▶ _What you should do_: When you reach the line that contains "Radio Honda Civic", begin copying exactly, and continue through the last line of the data; no pictures belong in the copy.

▶ _Data below_:
--

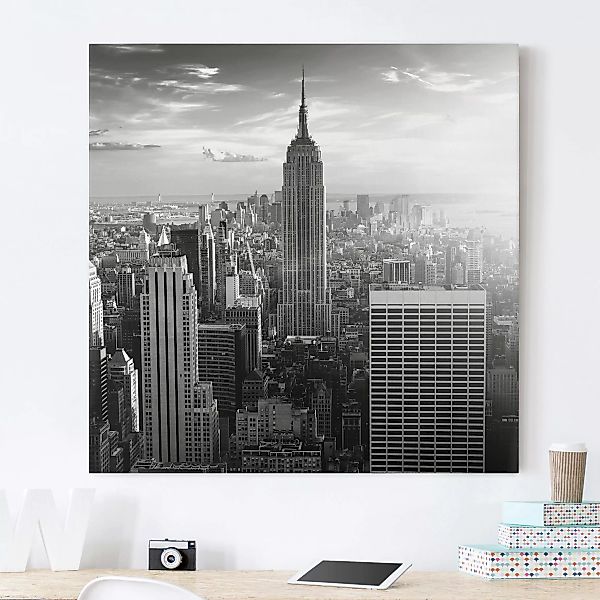 Leinwandbild New York - Quadrat Manhattan Skyline günstig online kaufen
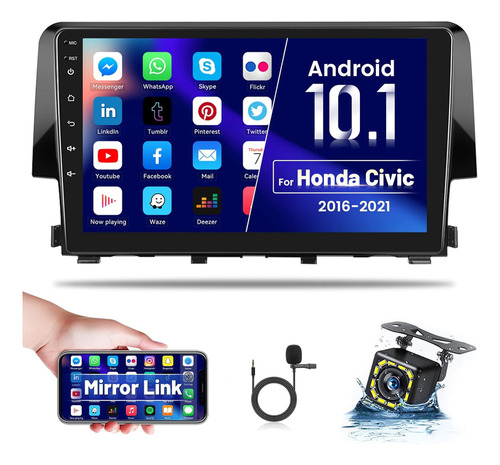 Radio Honda Civic 2016-21, Estéreo De Coche Android 10, Gps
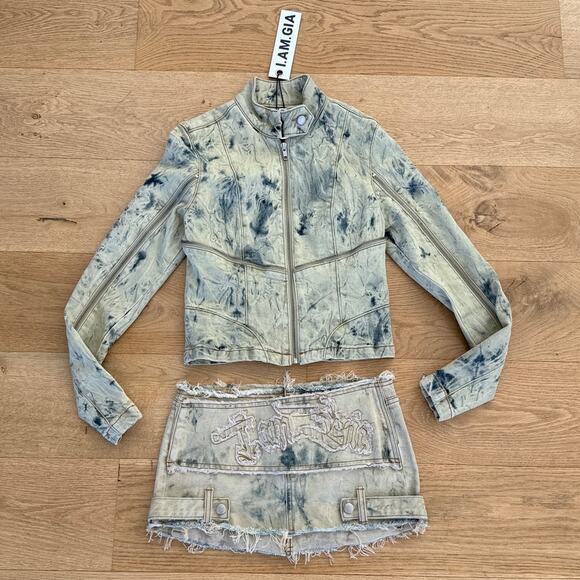 I.AM.GIA - Zarria Moto Denim Jacket & Mini Skirt in Bleached Blue - Picture 1 of 6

--

▶ _Your solution_:
 Radio Honda Civic 2016-21, Estéreo De Coche Android 10, Gps
 I.AM.GIA - Zarria Moto Denim Jacket & Mini Skirt in Bleached Blue - Picture 1 of 6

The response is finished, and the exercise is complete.